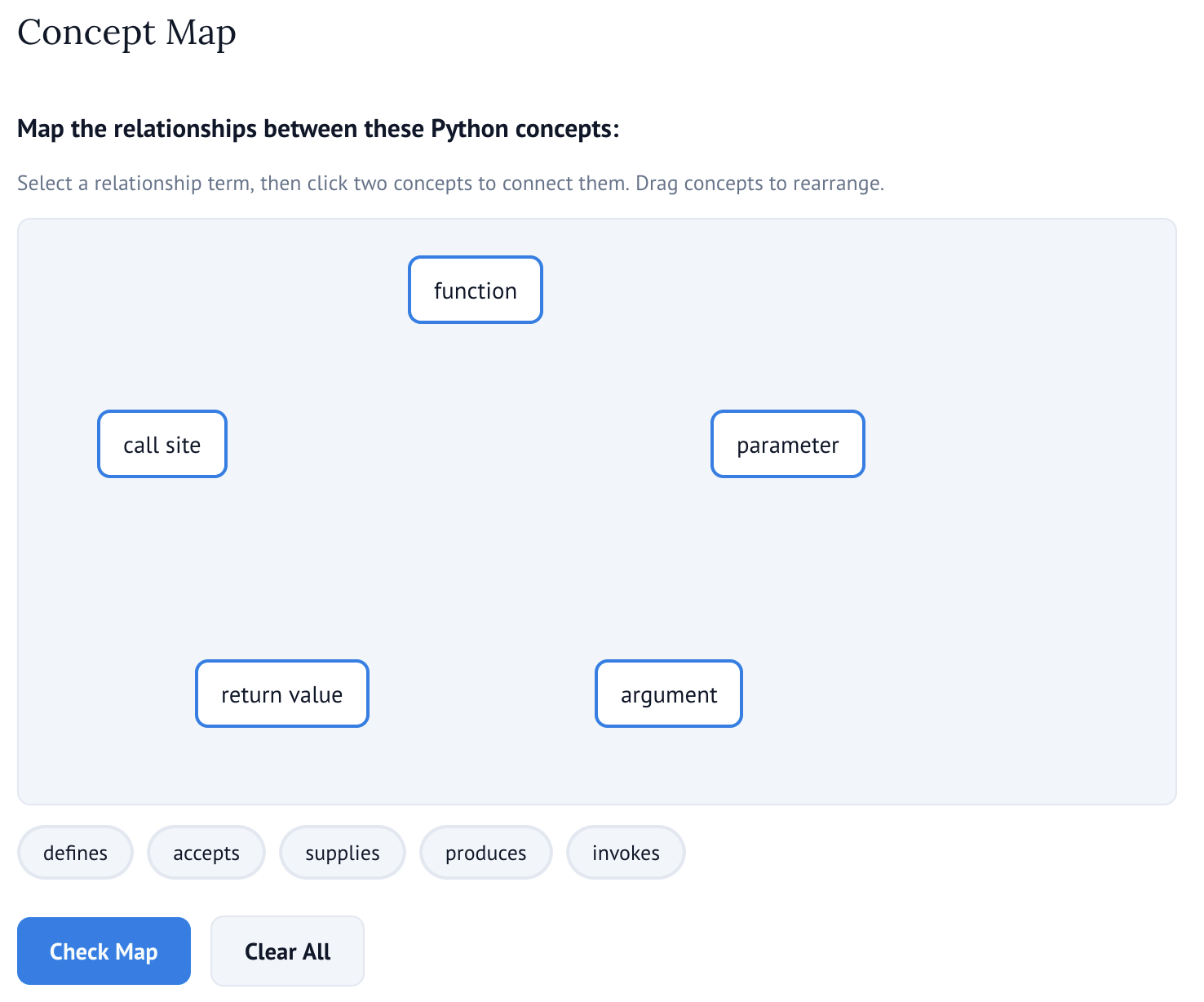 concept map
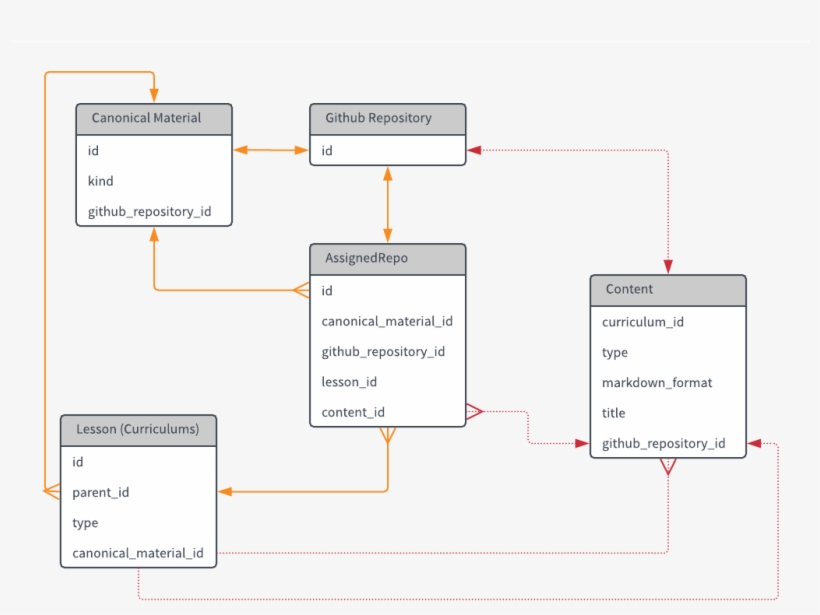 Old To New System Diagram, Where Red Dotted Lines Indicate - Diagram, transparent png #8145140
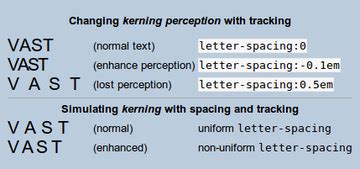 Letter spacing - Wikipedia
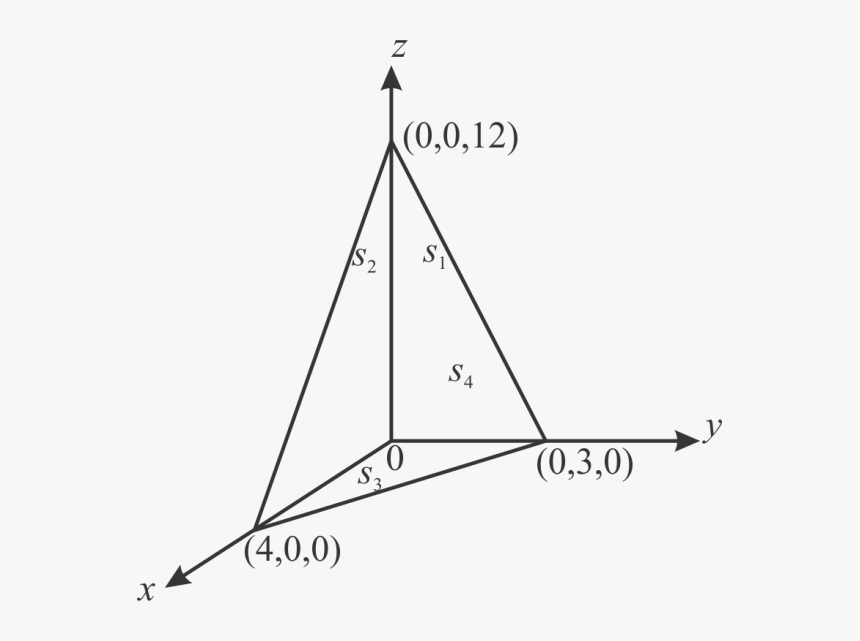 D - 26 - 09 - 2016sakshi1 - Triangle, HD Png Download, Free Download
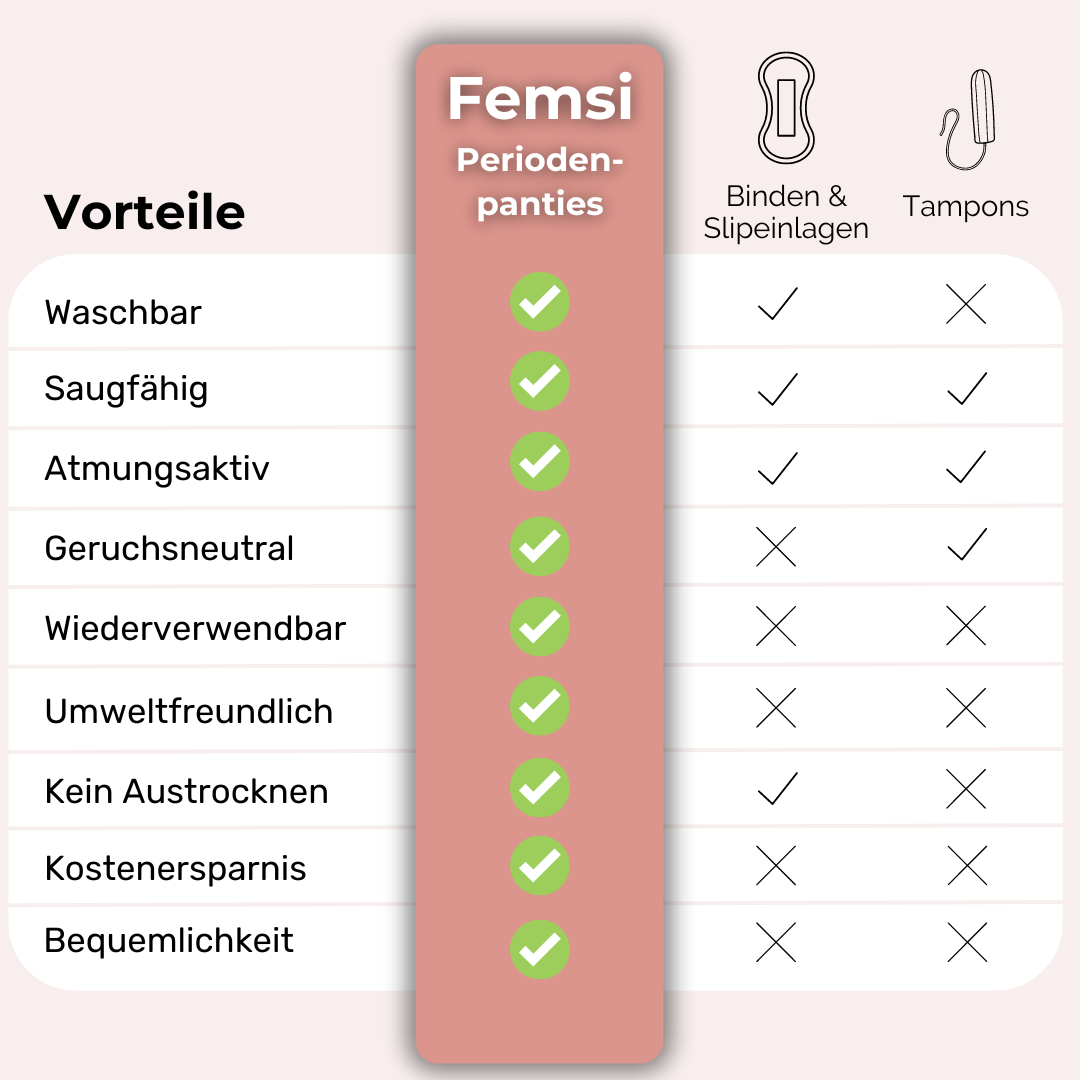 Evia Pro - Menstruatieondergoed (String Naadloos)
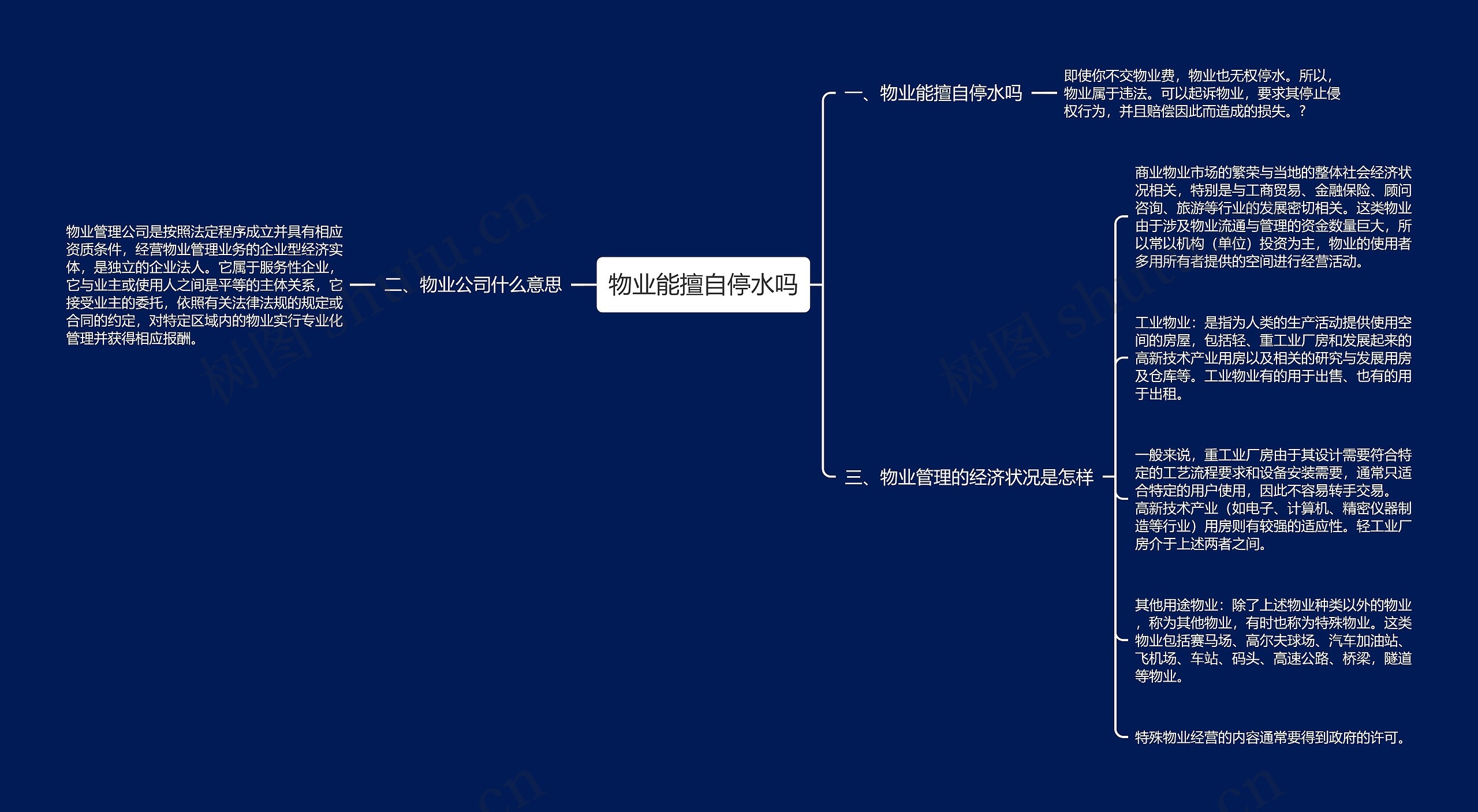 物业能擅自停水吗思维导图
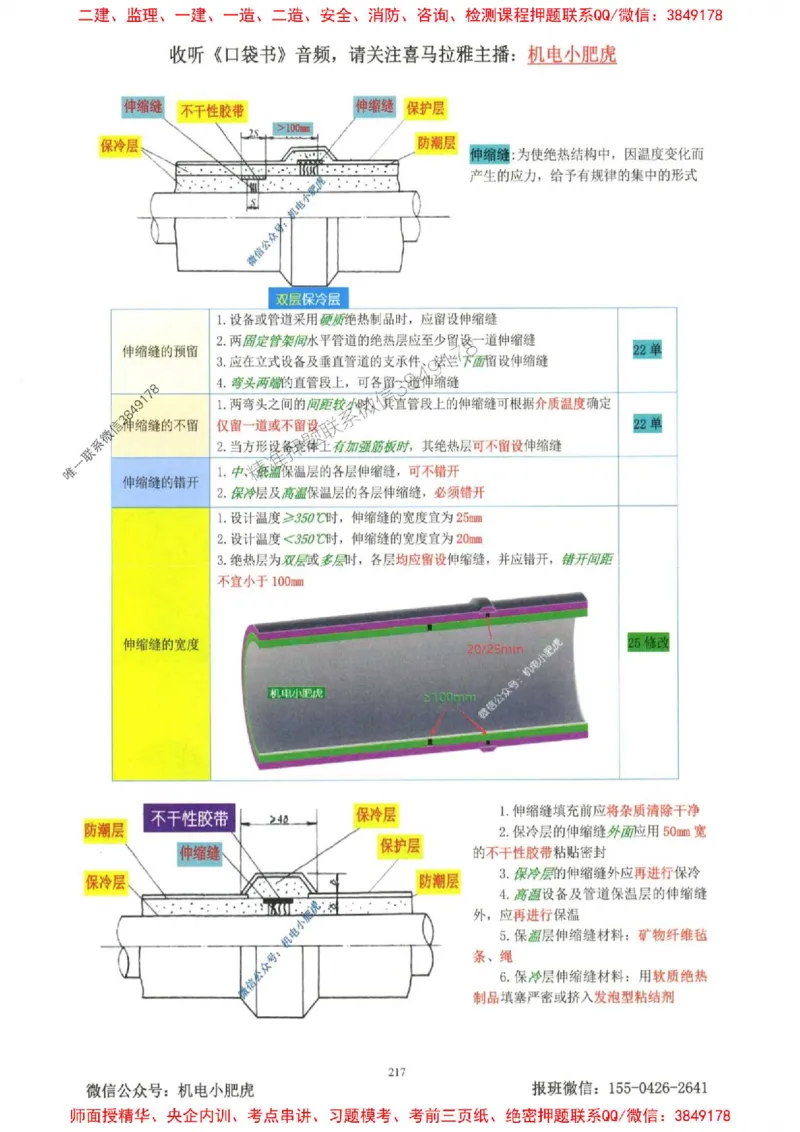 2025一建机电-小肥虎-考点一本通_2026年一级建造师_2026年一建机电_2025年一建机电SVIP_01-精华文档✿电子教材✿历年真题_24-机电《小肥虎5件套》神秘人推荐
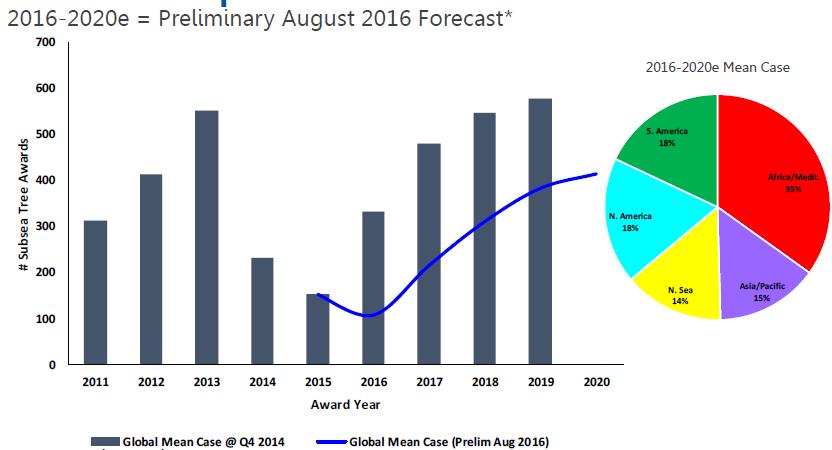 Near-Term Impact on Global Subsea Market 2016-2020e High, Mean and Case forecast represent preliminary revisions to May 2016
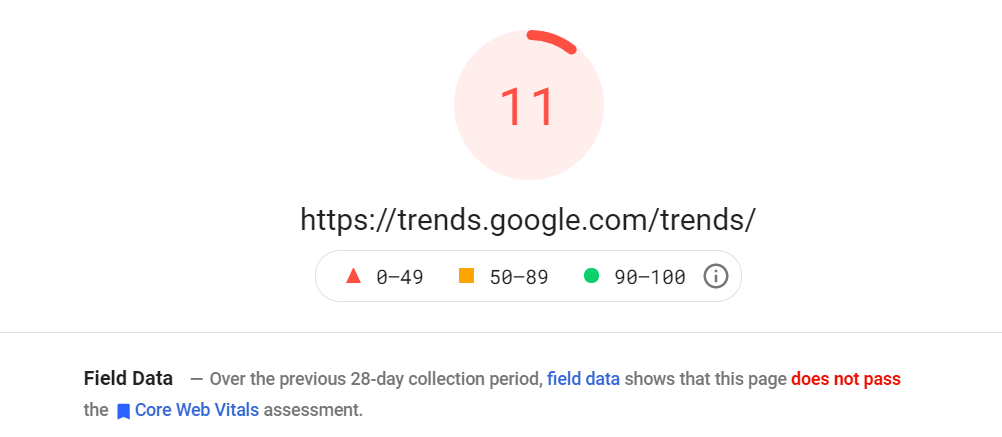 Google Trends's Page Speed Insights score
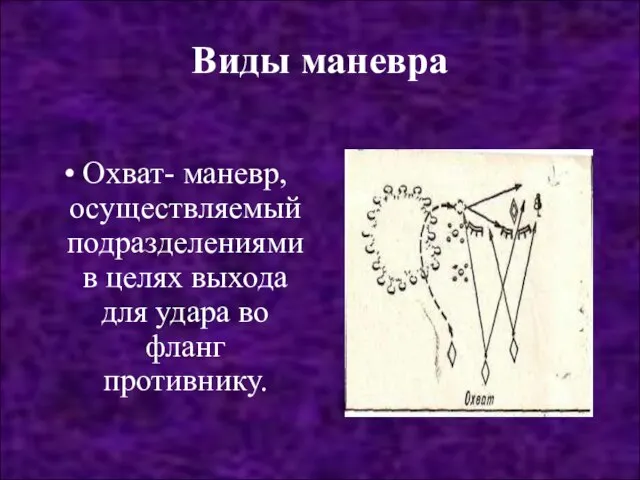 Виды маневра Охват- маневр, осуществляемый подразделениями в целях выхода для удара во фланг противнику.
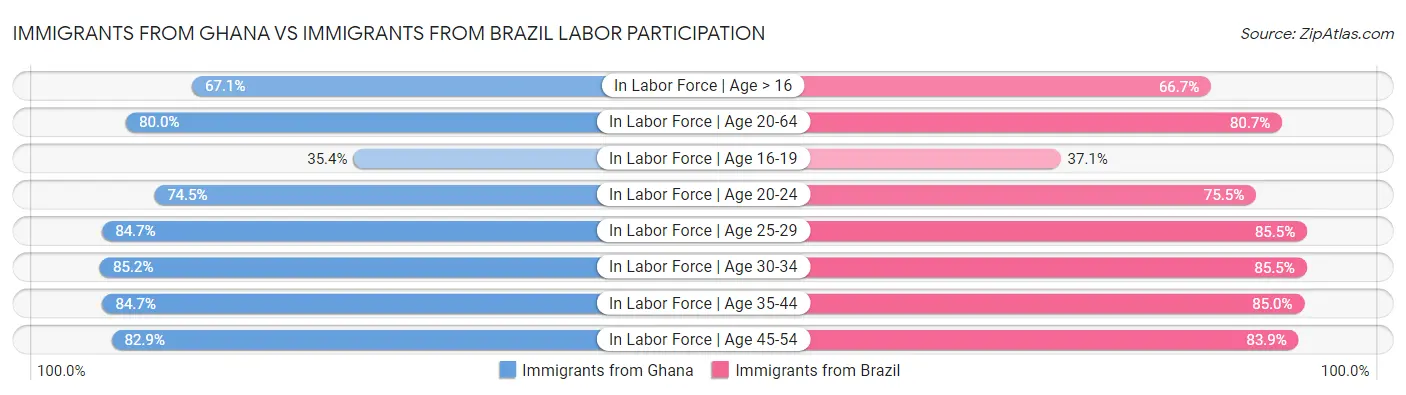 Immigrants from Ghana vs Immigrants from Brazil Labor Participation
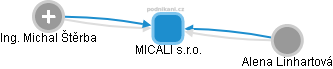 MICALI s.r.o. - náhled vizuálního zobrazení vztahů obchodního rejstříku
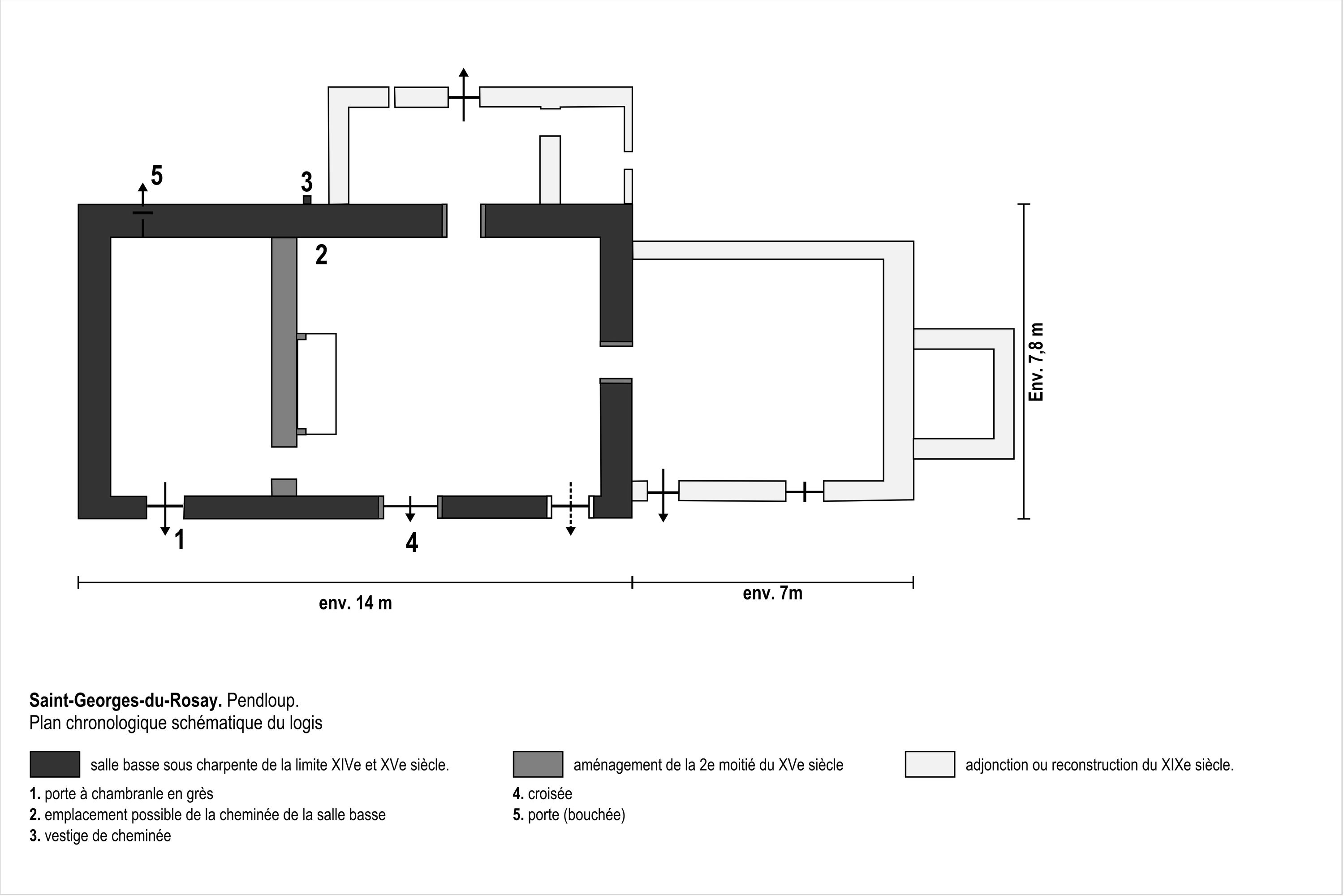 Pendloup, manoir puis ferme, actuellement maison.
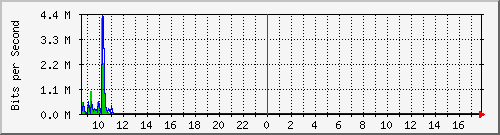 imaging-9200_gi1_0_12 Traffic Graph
# # # # # # #
How to complete this task: Omit the pictures and print again exactly the lines from the one with "2025一建机电-小肥虎-考" through the final line of the entries, both ends included.

Exercise answer:
 2025一建机电-小肥虎-考点一本通_2026年一级建造师_2026年一建机电_2025年一建机电SVIP_01-精华文档✿电子教材✿历年真题_24-机电《小肥虎5件套》神秘人推荐
 Near-Term Impact on Global Subsea Market 2016-2020e High, Mean and Case forecast represent preliminary revisions to May 2016
 Google Trends's Page Speed Insights score
 Виды маневра Охват- маневр, осуществляемый подразделениями в целях выхода для удара во фланг противнику.
 Immigrants from Ghana vs Immigrants from Brazil Labor Participation
 MICALI s.r.o. - náhled vizuálního zobrazení vztahů obchodního rejstříku
 Pendloup, manoir puis ferme, actuellement maison.
 imaging-9200_gi1_0_12 Traffic Graph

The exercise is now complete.